HAN collected just over $2 million in seed funding from a handful of health systems, which also includes Kaiser, Intermountain Healthcare, Trinity Health, CommonSpirit Health and ProMedica. The organization will still rely on grant dollars, but the health system contributions will help it get off the ground, Zuckerman said. Later this year, HAN will announce a new commitment around local hiring and workforce development, he said.
Download Modern Healthcare’s app to stay informed when industry news breaks.
Kaiser Permanente, a massive integrated health system based in Oakland, California, is further along in its progress on the purchasing and investment fronts. The system now spends over $2 billion annually on minority- and women-owned businesses and has $220 million invested under HAN’s place-based commitment, said John Vu, Kaiser’s vice president of strategy for community health. The investments are spread across a variety of initiatives, including affordable housing and neighborhood revitalization.

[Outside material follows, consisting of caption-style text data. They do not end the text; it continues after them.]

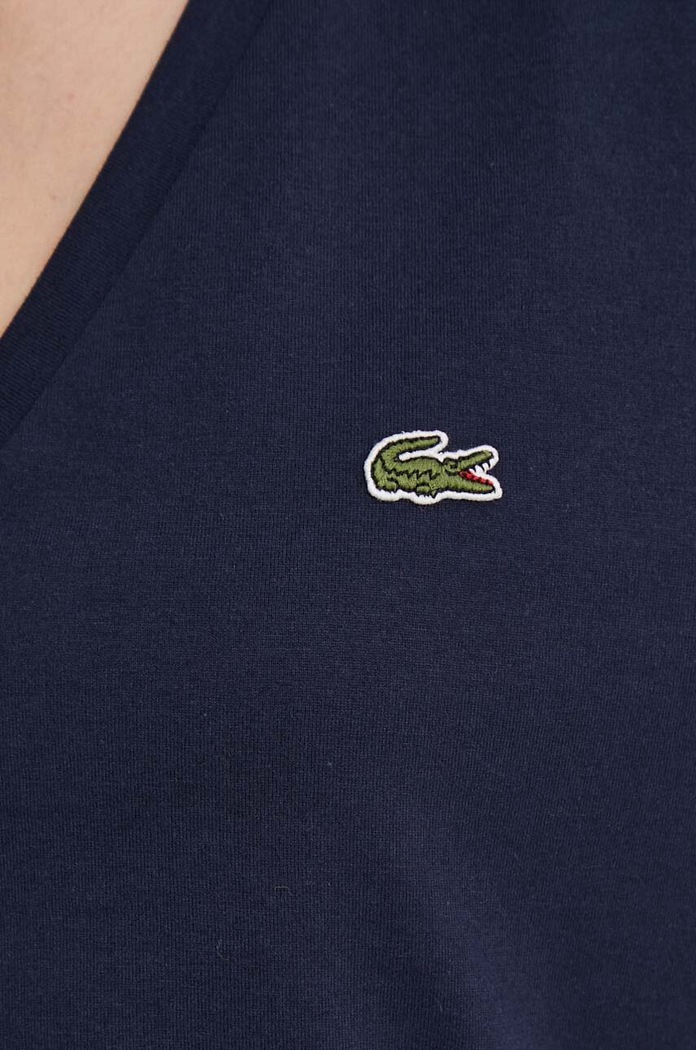 Lacoste basic t-shirt γυναικείο βαμβακερό TF7300 σκούρο μπλε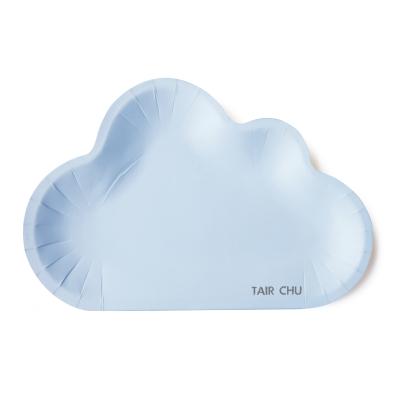 China Disposable made in Taiwan cloud shaped for disposable part special shaped paper plate for sale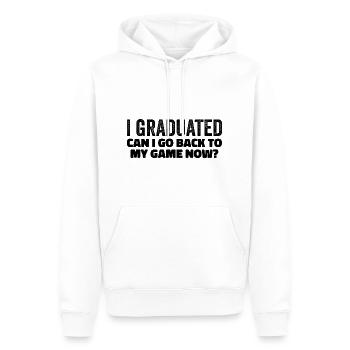 I Graduated Can I Go Back To My Game Now - Men’s Premium Organic Hoodie - white - Front - Nico (187cm)
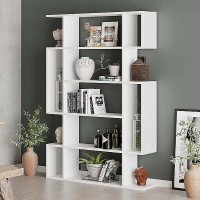 Βιβλιοθήκη Mito Megapap χρώμα λευκό 108x25x161εκ.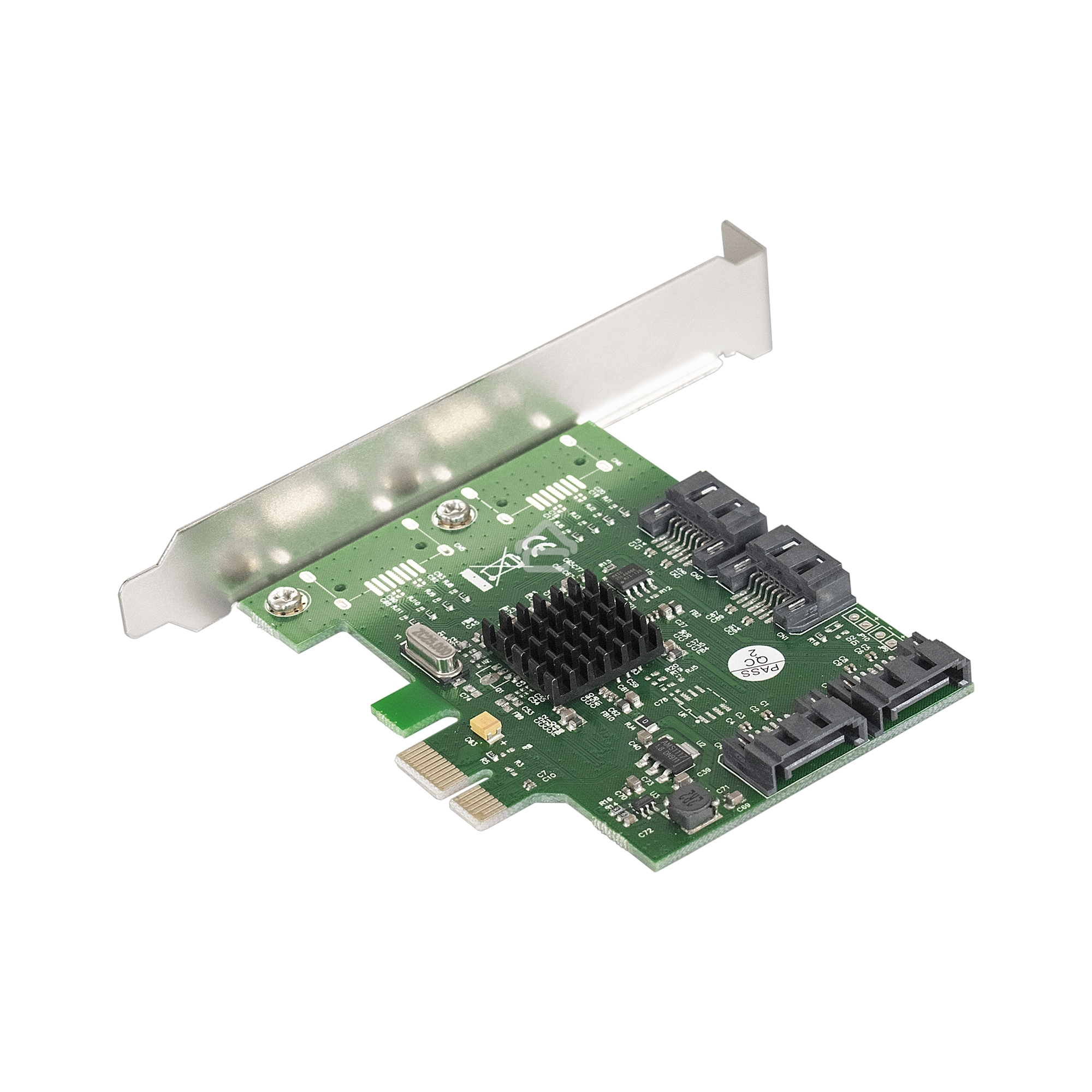 Контроллер ExeGate EXE-503 PCI-E 2.0, SATA3 6Gb/s, 4 int (OEM)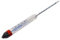 AL-AMBIK® Alkoholmeter mit integriertem Thermometer und Ausgleichsskala Messbereich 0-100 Vol% I Alkoholmessgerät Markenqualität für exakte Messungen I Lieferung inkl. Gebrauchsanleitung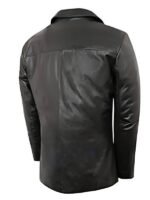 Men's Black Blazer Leather Jacket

“We believe we must create good conditions for health,” Vu said. “That includes trying to contribute to good economic opportunities wherever we are.”
Intermountain has been a HAN member almost since the initiative’s inception. To date, the Salt Lake City-based health system has invested in more than 600 units of affordable housing, including a fund that makes housing affordable for teachers, health professionals and police officers, said Lisa Nichols, the system’s assistant vice president of community health.
“We all know that health is broader than just healthcare delivery,” Nichols said. “So to the extent that we can consider all of our assets when improving the health and wellbeing of our community, we’re really delivering on our mission in a much more comprehensive way.”
HAN asks all its members to submit annually data around hiring, purchasing and investing. It then posts the information to a members-only platform, where the health systems can view their progress against benchmarks, Zuckerman said. Eventually, he said the idea is to track year-over-year improvements and share the progress publicly.